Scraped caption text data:

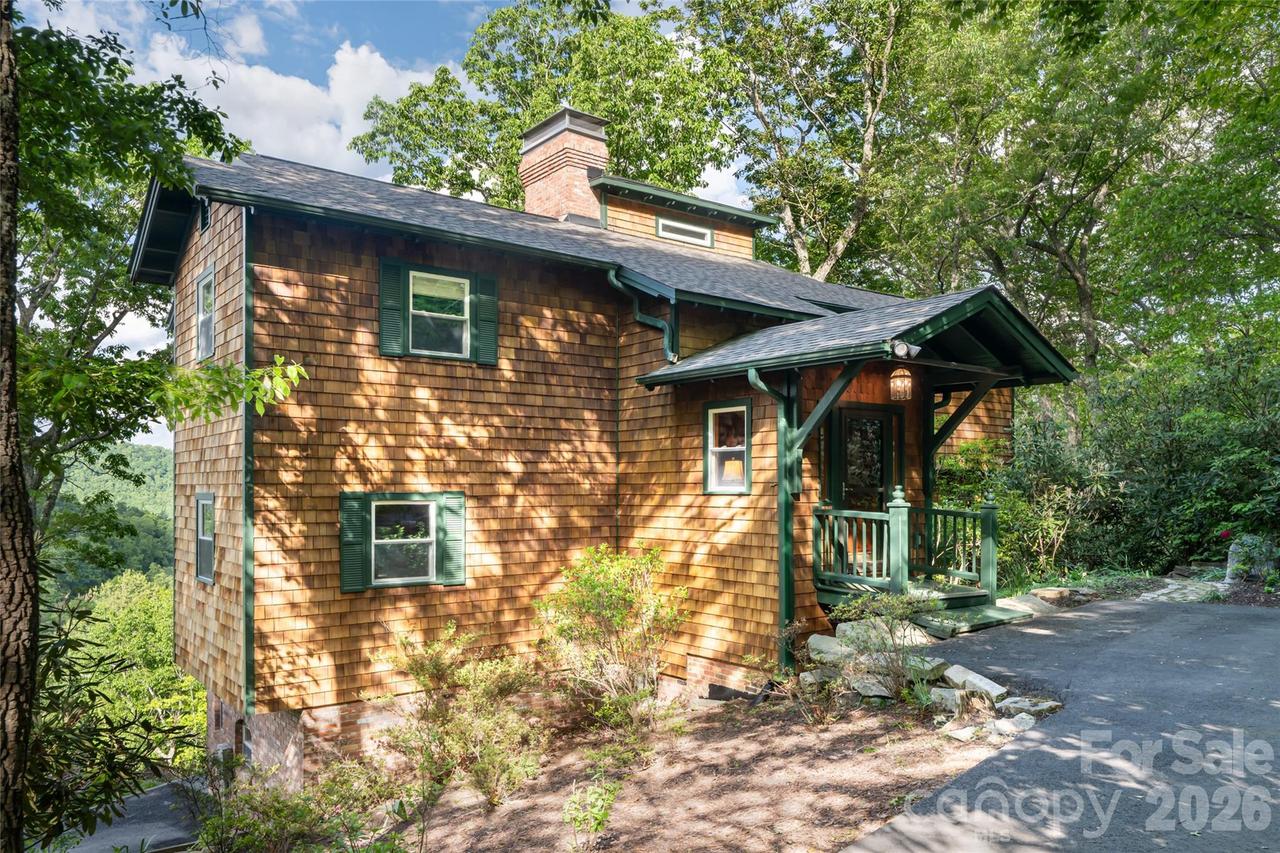 162 Merrills Chase Rd., Asheville, NC 28803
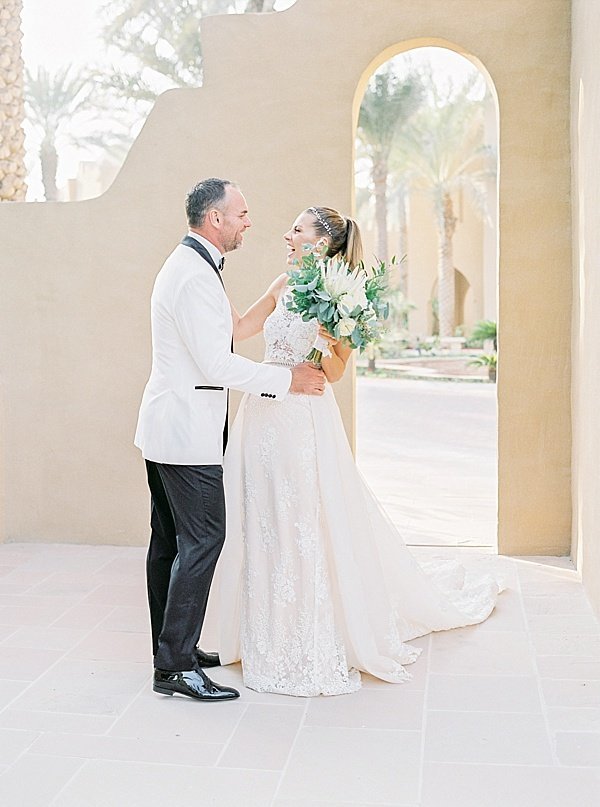Maria Sundin Photography_White Classic Timeless Wedding Dubai One & Only Royal Mirage Couple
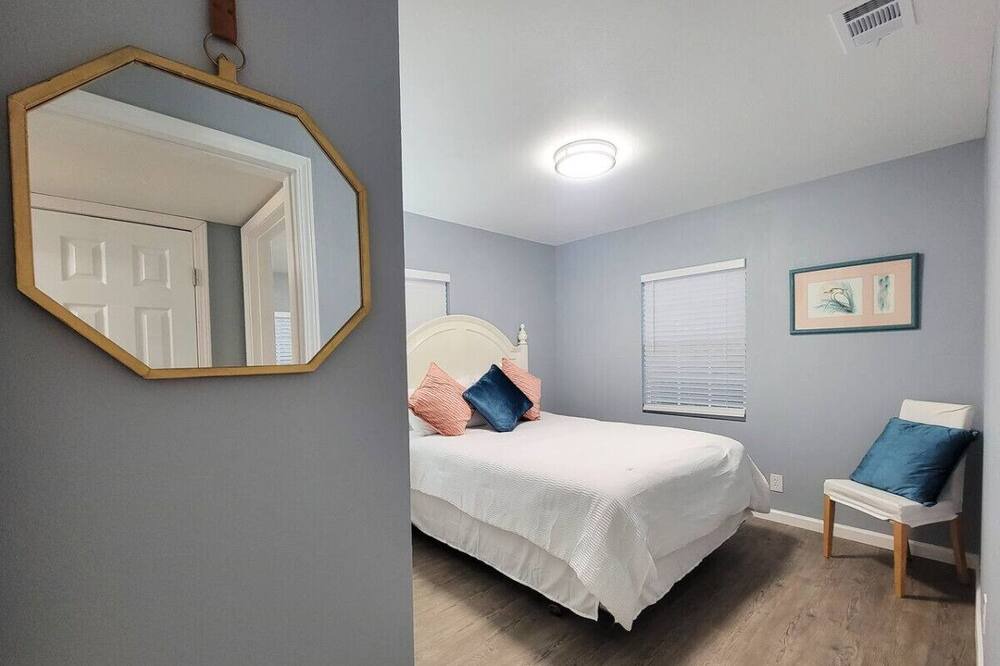 Photo of Bedroom in Parker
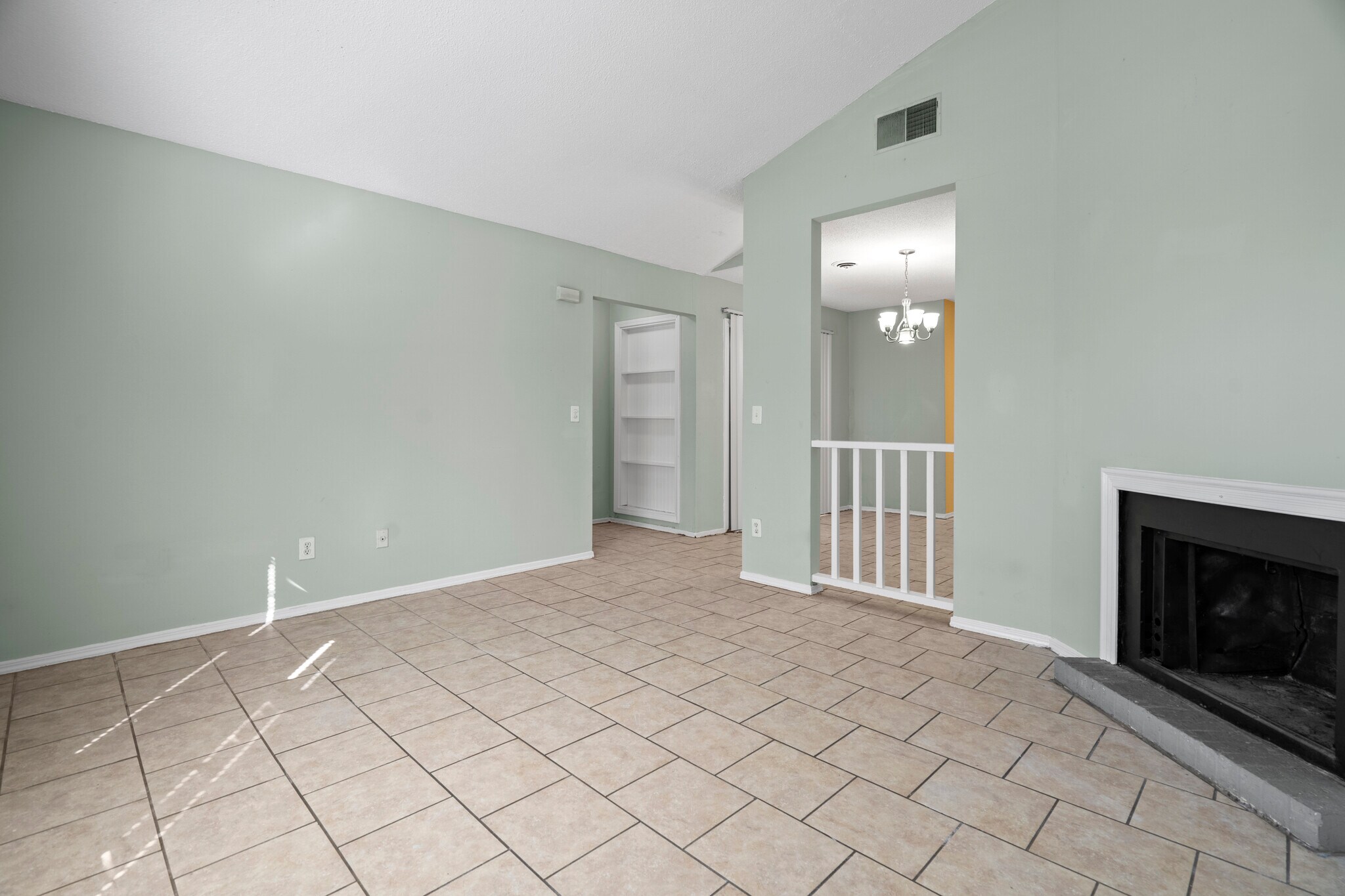 Building Photo - 2231 Woodridge Ln
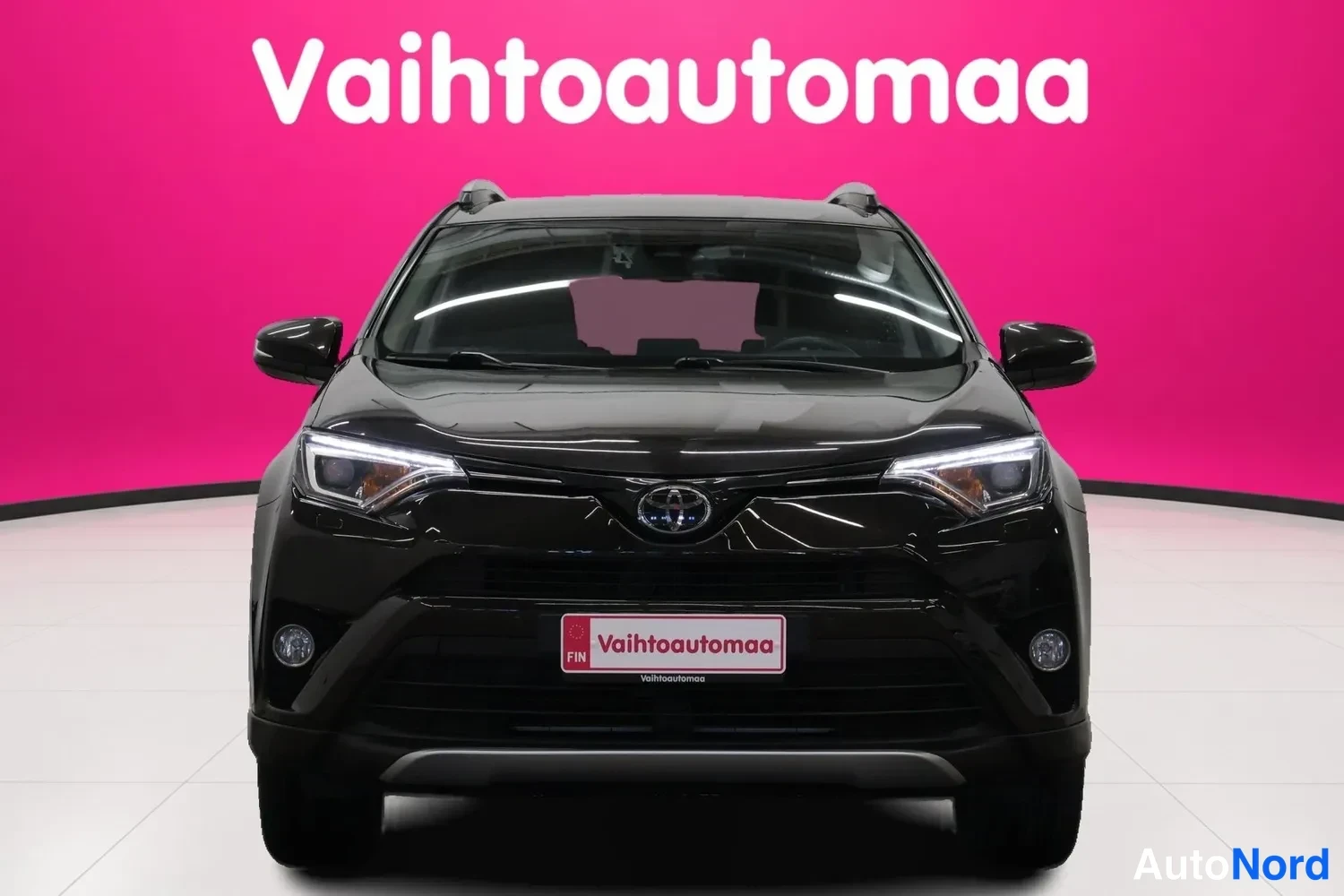 Edestä: Musta Toyota SUV suoraan etualalta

YOUR ASSIGNMENT: All lines from the one containing "Photo of Bedroom in Parker" through the final line of the entries above are to be copied exactly; the pictures are not.

EXERCISE SOLUTION:
 Photo of Bedroom in Parker
 Building Photo - 2231 Woodridge Ln
 Edestä: Musta Toyota SUV suoraan etualalta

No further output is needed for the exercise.